Retail Tenancy Considerations
If your space is a retail premises, additional steps may apply (such as disclosure requirements, process rules and timelines). These obligations vary by state and, in some cases, apply more clearly to assignments than subleases. Always confirm which parts of the regime apply to your proposed sublease. As a starting point for NSW, see the overview of the Retail Leases Act.
Disputes, Variations And Termination
- Build in a sensible dispute resolution clause and a process for addressing repairs, make-good and access issues.
- If you need to wind things up early, your options will depend on the sublease terms, the head lease and any consent deed conditions.

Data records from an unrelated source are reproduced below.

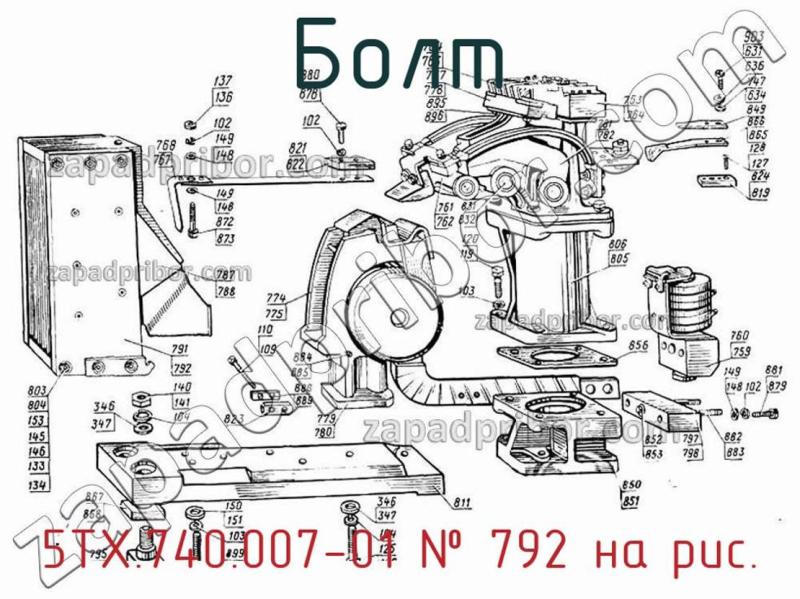 Болт 5ТХ.740.007-01 фотография.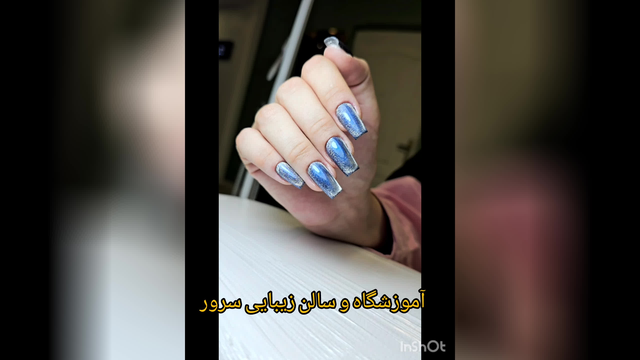 نمونه کار کاشت ناخن توسط بهترین ناخن کار کرمان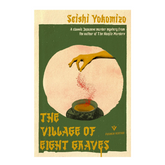 The Village of Eight Graves (Detective Kindaichi Mysteries) - The English Bookshop Kuwait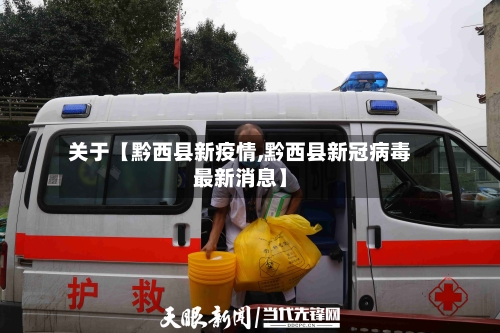 关于【黔西县新疫情,黔西县新冠病毒最新消息】-第1张图片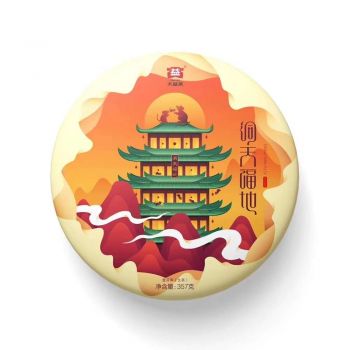 2001 洞天福地 鼠饼 散提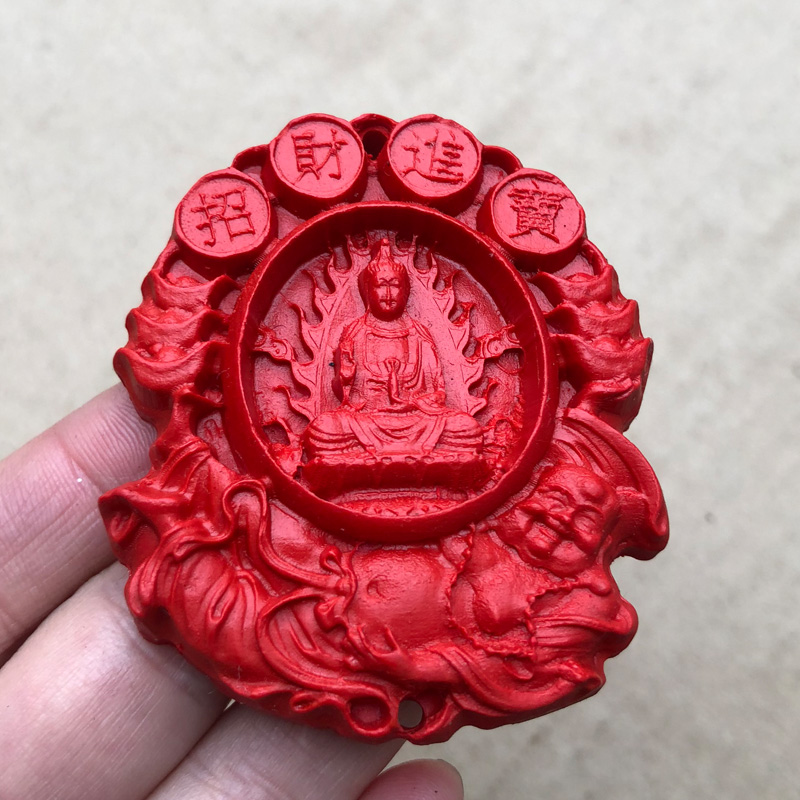 天然朱砂观音菩萨吊坠招财进宝大肚佛公车挂件平安护身转运旺姻缘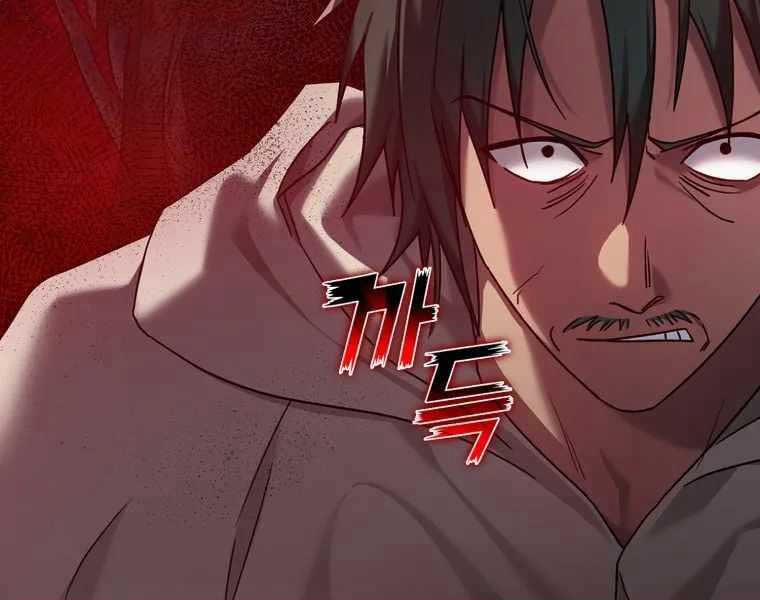 Người Chơi Cấp Tối Đa 6 trang 60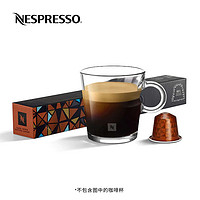 NESPRESSO 浓遇咖啡 致敬世界咖啡之都系列 开普敦大杯咖啡胶囊 10颗/条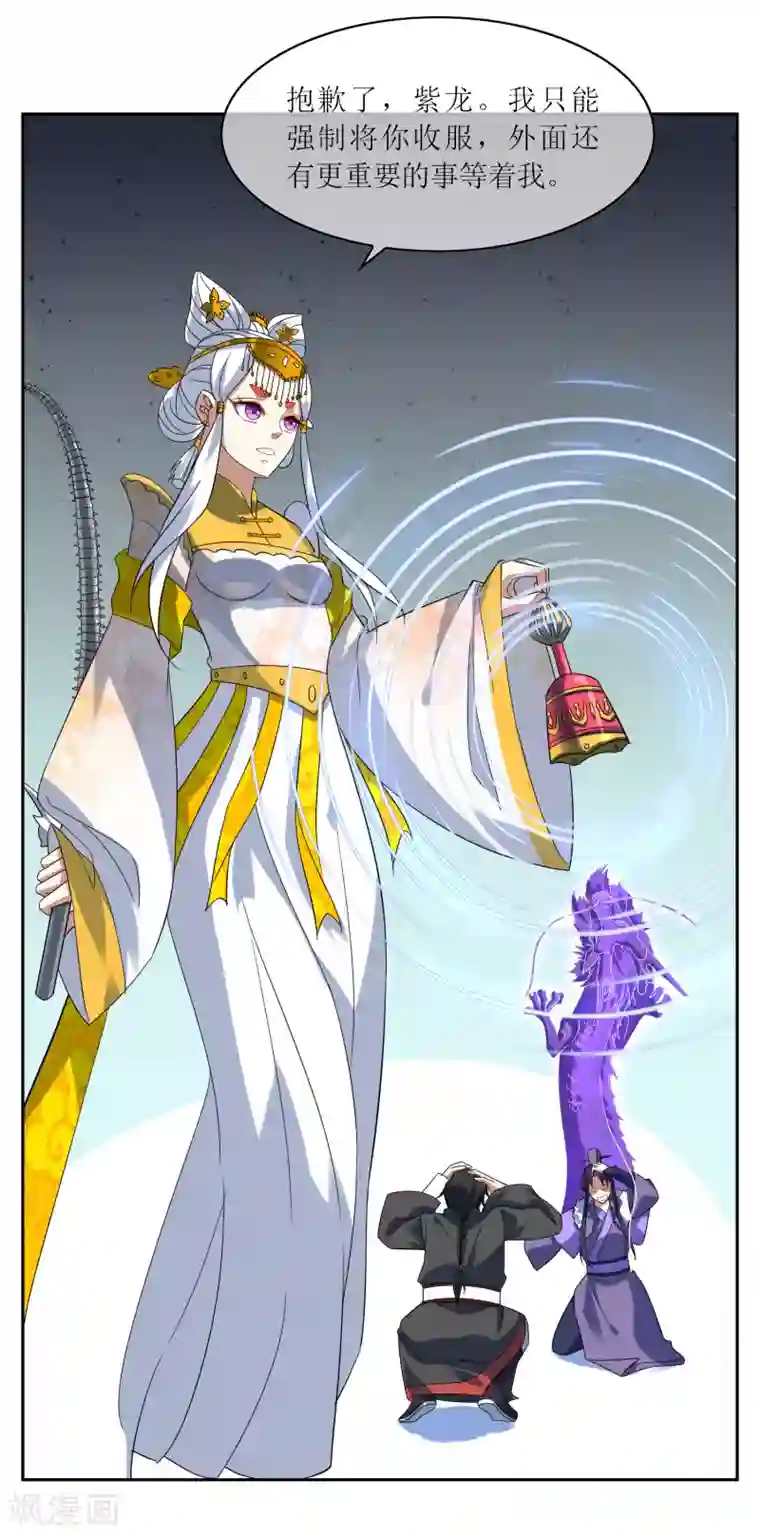 妖神学院第112话 新的战场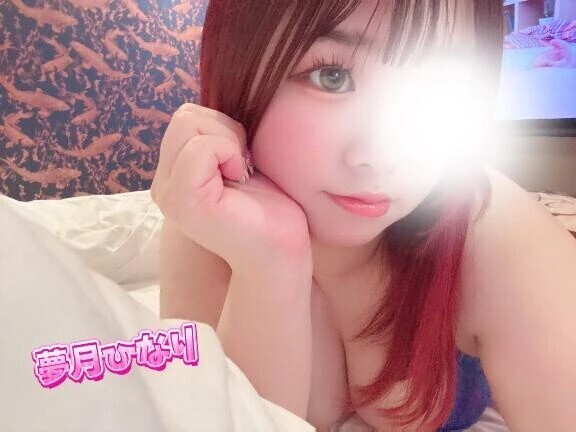 お礼💌　アリュールNくん💗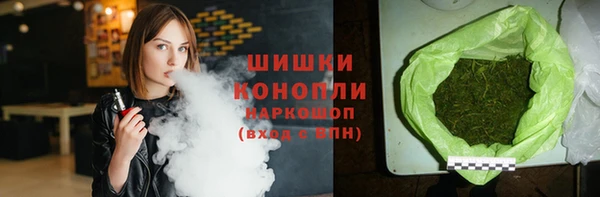 мефедрон VHQ Бугульма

If you’re looking at bringing the head lease to an end, get advice early about lease termination risks and process.
- Keep communications with the subtenant and landlord in writing and on file-clear records can resolve many issues quickly.
An organised approach and strong paperwork are your best risk management tools. If in doubt, a quick check-in with a commercial lease lawyer can save time and money down the track.
Key Takeaways
- Subletting is possible for many commercial tenants, but you must follow your head lease and obtain written landlord consent where required.
- Treat subletting, assignment and licensing as different tools-choose the one that best fits your goals and what your lease allows.
- State laws and retail leasing regimes affect consent and process; don’t assume a blanket “can’t unreasonably refuse” rule applies to every sublease.
- A tailored sublease that incorporates key head lease obligations, clear use, defined areas, rent/outgoings, insurance and termination terms is essential.
- Your obligations to the landlord continue-monitor compliance, keep records, and align sublease dates with the head lease to avoid surprises.
- Consider professional help for the consent process, drafting and negotiation. A clean commercial sublease agreement and a lease review can prevent costly disputes.